Rabu, 16 Januari 2019

Teriakan Dalam Masjid dan Gereja Agni

Sumber: PPMI kota Malang


Aku pergi ke Masjid bukan kiayi dan para cendikia muslim yang bijaksana yang menemuiku
Aku pergi ke gereja tak dimui oleh pastur yang bijaksana 
Aku seorang perempuan yang suci dianggap paling namun dibenci: membela apa yang menjadi hakku, namun instansiku pada mencibirku dengan bahasa "Tidak akan jadi kalau tidak sama-sama mau". Otak dan naluriku pecah dengan bahasa penghakiman tak memikirkan aku adalah perempuan, dilahirkan dari perempuan: bukan untuk dijadikan kedua dalam dunia tak dianggap sempurna bahkan dianggap setiap gerik mataku kejahatan laki-laki menjadi aku paling salah. 

Aku hari ini tak akan pergi ke masjid dan gereja lagi, tapi ku lebih percaya pada Tuhanku, sebab di dalam masjidnya hanya membuat otak dan naluriku pecah memerah. 
Apa aku harus pergi ke bawah terowongan mengadu pada mereka yang lebih tidak punya posisi tentang apa yang terjadi pada kesucianku, menceritakan secara vulgar agar mereka iba atas kesucianku. 
Aku pergi ke orang-orang kuli tinta di kampus Pers Balairung, ia menuliskan semua kisah sedihku disebarkan bukan balasan baik dalam sedihku yang dijadikan penenang dalam keadaanku paling dalam, malah lebih kejam dari mereka yang ada di dalam masjid dan gereja mencibirku dan berkata kalau "Kau itu akan menciderai nama masjid dan gerejaku", urus kekeluargaan saja. 
Sangat licin bahasa mereka yang merasa paling bijaksana, namun tidak ingat bahwa ku ini bagiannya kenapa hakimnya tidak menjadi bijaksana dalam apa yang menjadi bencanaku. 

Balairung dan aku Agni mengapa hanya menjadi pembaasan anak-anak kampus lain, sedangkan masjidku dan gerejaku sendiri orang-orangnya, tidak peduli untuk segera mengadili apa yang terjadi pada diriku: setidaknya membahasnya, semua media hanya pada merasa lebih sempurna dari mereka yang hanya menjadi tanda dalam derita manusia dan kabar dari manusia lainnya. 

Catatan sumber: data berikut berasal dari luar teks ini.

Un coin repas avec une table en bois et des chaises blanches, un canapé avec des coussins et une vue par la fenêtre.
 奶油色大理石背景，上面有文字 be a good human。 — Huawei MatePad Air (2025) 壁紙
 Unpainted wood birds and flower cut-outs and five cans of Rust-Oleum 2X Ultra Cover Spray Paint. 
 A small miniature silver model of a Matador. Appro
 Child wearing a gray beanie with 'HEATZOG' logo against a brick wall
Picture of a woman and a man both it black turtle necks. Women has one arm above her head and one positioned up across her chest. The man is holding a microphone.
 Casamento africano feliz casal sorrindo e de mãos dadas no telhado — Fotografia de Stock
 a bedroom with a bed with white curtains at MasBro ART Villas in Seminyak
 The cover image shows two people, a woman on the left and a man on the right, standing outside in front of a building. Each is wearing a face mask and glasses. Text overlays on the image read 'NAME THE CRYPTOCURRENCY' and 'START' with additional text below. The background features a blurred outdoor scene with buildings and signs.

Kabar dari media cetak dan daring, yang ku tunggu tak sesuai dengan apa yang aku rindu; sebagaimana aku bisa merasakan keramaian bukan hanya bertumpuk yang ada di Jakarta, Surabaya dan tempat-tempat potensi membahas pemilu nanti, serta di hebohkan kasus artis prostetusi, di sini ada hal yang perlu dikaji sebagaimana bisa menjadi keadilan yan merata seperti halnya jalan aspal di jalan-jalan kota, pemerataannya sama, minimal ada wacana yang dapat mengobati hati. 

Mengaduh kepada siapa lagi, jika masjid dan gereja sendiri tak menindakki semua adem ayem; bersiul membuatku tambah sakit. Malah memojokkan aku yang nafsunya tidak bisa dijaga hingga menimpa padaku, aku dianggap kambing hitamya. Aku korban butuh penyelesaian agar jiwaku menjadi tenang dan bisa tetap percaya padamu yang ada di atas sana penghuni masjid dan gereja, menganggap mereka juga manusia punya rasa tatkala apa yang menimpa padaku.